Information Theory and Applications
This course introduces the foundations and applications of information theory from a principled, probabilistic perspective. Its aim is to clarify what quantities such as entropy, relative entropy, and mutual information actually measure, and why they arise naturally in problems of uncertainty, inference, and physical systems. The course emphasises conceptual understanding and mathematical structure, while illustrating how information-theoretic ideas connect to neuroscience, physics, statistics, and machine learning. The purpose is not only to present the formalism, but to develop a clear and operational understanding of how information-theoretic tools can be meaningfully applied across disciplines.
- To demonstrate a solid understanding of the fundamental concepts of information theory
- To develop the ability to construct rigorous mathematical arguments and proofs within the framework of probability theory and information theory
- To prove and apply the fundamental theorems of information theory, such as source coding and channel coding
- To use Information Theory methods to model problems of a probabilistic nature
- To apply the principles and techniques of information theory to characterise problems of a probabilistic nature: large deviation theory, hypothesis testing, Bayesian inference, etc.
- To acquire the language to describe impossibility results in settings like estimation, testing,
This course introduces the foundations and applications of information theory from a rigorous probabilistic perspective.

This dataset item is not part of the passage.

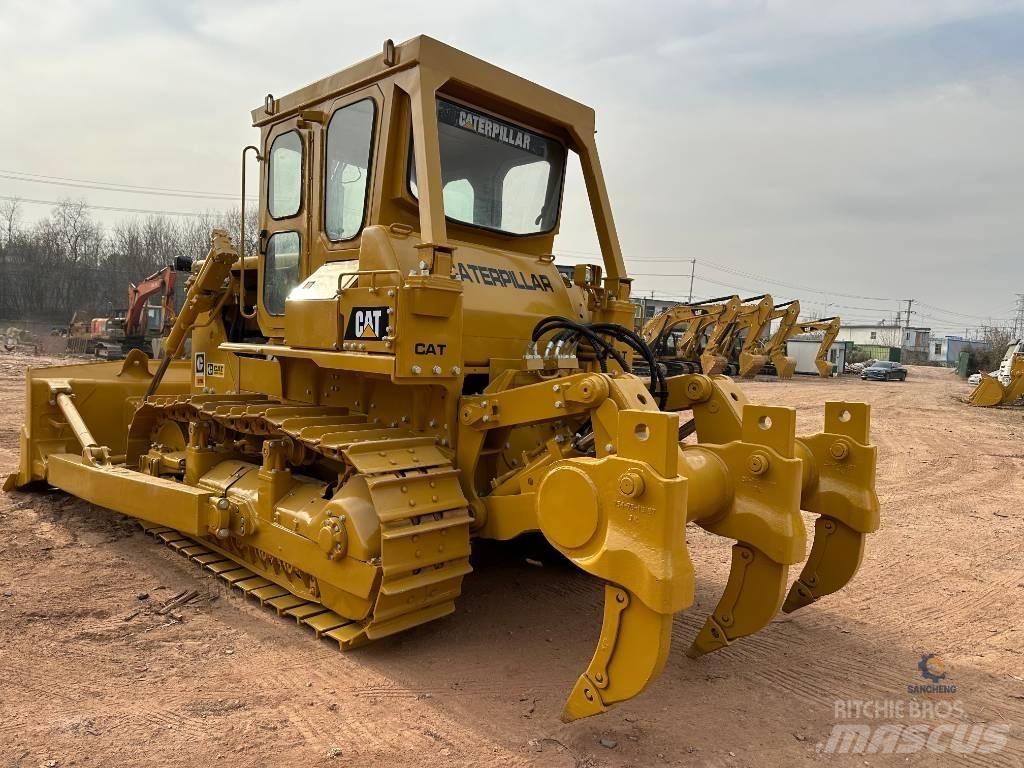 CAT D7G Dozers - Tratores rastos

Beginning with a review of probability and discrete random sources, we develop entropy as a quantitative measure of uncertainty and establish the fundamental limits of lossless data compression. We then introduce relative entropy (Kullback–Leibler divergence) and show how it governs hypothesis testing and statistical distinguishability. These ideas are extended to information transmission, including mutual information, channel capacity, and the Gaussian channel model.

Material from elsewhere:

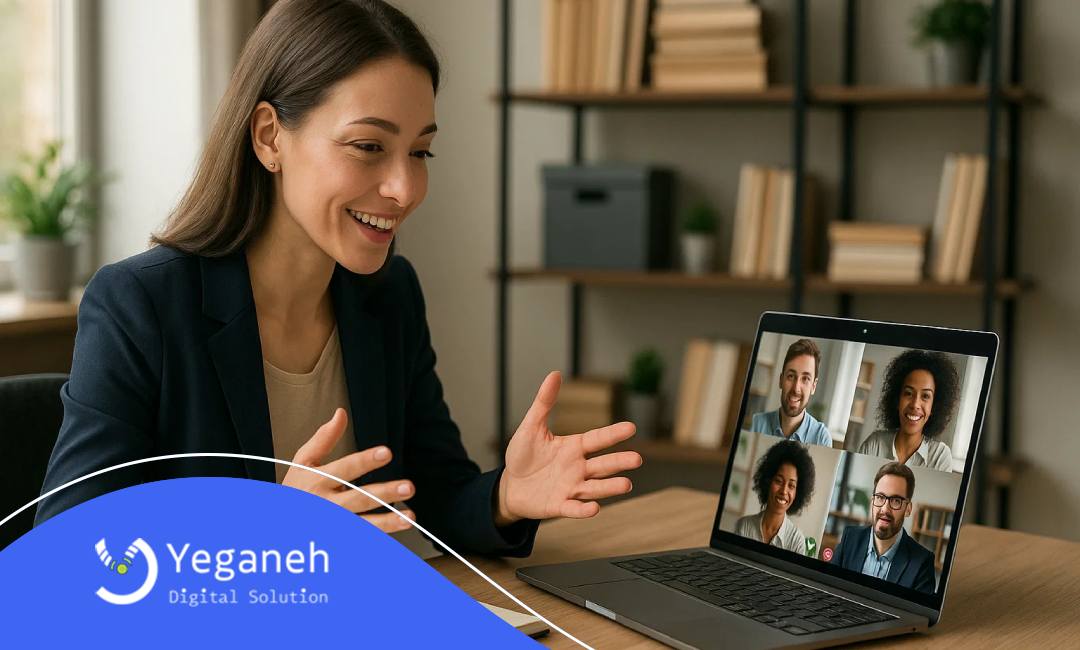 بهبود جلسات مجازی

In the second part of the course, information-theoretic methods are applied to problems in statistical inference and learning. Topics include parameter estimation and the Cramér–Rao bound, Fano’s inequality, exploration bias in data analysis, and information-theoretic perspectives on generalisation error. Throughout, the emphasis is on operational meaning, structural results, and fundamental limits rather than computational techniques.
Depending on available time and the background of the students, additional applications and selected modern developments may be discussed, particularly finite-sample and non-asymptotic perspectives relevant to contemporary research in statistics, neuroscience, physics, and machine learning.

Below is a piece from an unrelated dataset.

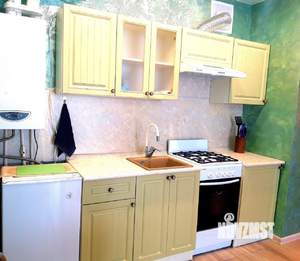 1-к квартира, посуточно, 43м2, 1/1 этаж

1. Review of probability theory
2. Data Compression: coding theorem for a discrete memoryless source
3. Entropy
4. Lossless coding
5. Kullback-Leibler Divergence
6. Hypothesis Testing
7. Channel Coding: Information Transmission Theorem and Mutual Information
8. Continuous random variables and information-theoretic quantities, Gaussian channel
9. Parameter estimation, Cramér-Rao, Fano's inequality
10. Exploration bias in data science
11. Generalisation error of learning algorithms
Depending on available time and the students' backgrounds, additional applications and selected modern developments will be discussed, particularly results on finite-sample behaviour and non-asymptotic analysis.
Final exam 50%, oral presentation 30%, in-term tests/quizzes 20%
Students are expected to have:
- Some knowledge of probability theory
(random variables, expectation, conditioning, Bayes’ rule)
- Basic mathematical maturity
(comfort with proofs, inequalities, and abstract reasoning)
- Familiarity with calculus and linear algebra
No prior knowledge of information theory is assumed.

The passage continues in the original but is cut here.